# PROBLEM TO SOLVE:
Copy the data below exactly, but not the pictures it contains.

# THE DATA:
===============
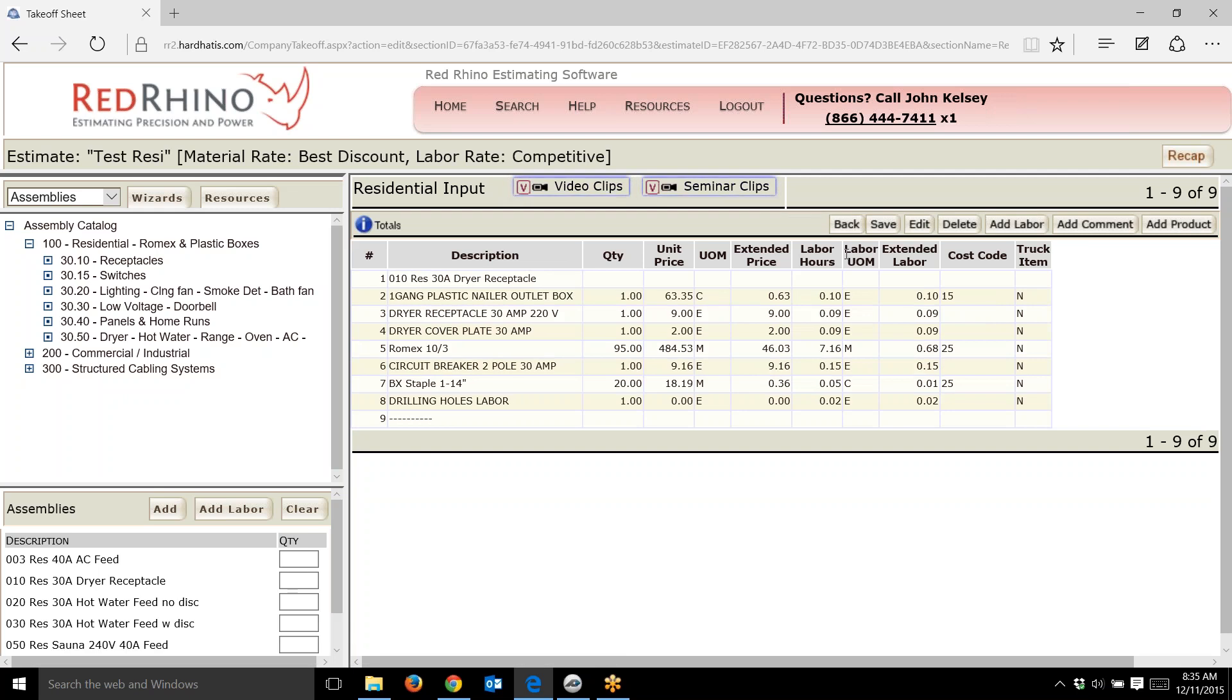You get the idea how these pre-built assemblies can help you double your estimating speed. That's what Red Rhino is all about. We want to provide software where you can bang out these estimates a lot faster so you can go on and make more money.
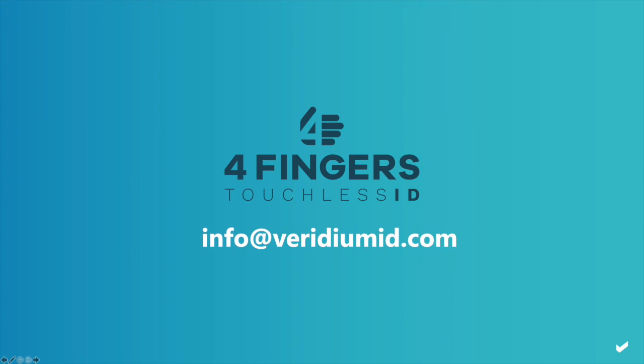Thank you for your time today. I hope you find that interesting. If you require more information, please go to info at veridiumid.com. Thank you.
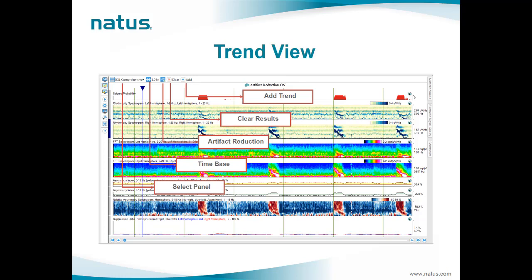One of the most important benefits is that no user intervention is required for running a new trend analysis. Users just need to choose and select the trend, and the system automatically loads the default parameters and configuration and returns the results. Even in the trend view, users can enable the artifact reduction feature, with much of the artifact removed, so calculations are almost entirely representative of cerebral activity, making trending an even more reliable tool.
===============
# SOLVED EXERCISE:
You get the idea how these pre-built assemblies can help you double your estimating speed. That's what Red Rhino is all about. We want to provide software where you can bang out these estimates a lot faster so you can go on and make more money.
Thank you for your time today. I hope you find that interesting. If you require more information, please go to info at veridiumid.com. Thank you.
One of the most important benefits is that no user intervention is required for running a new trend analysis. Users just need to choose and select the trend, and the system automatically loads the default parameters and configuration and returns the results. Even in the trend view, users can enable the artifact reduction feature, with much of the artifact removed, so calculations are almost entirely representative of cerebral activity, making trending an even more reliable tool.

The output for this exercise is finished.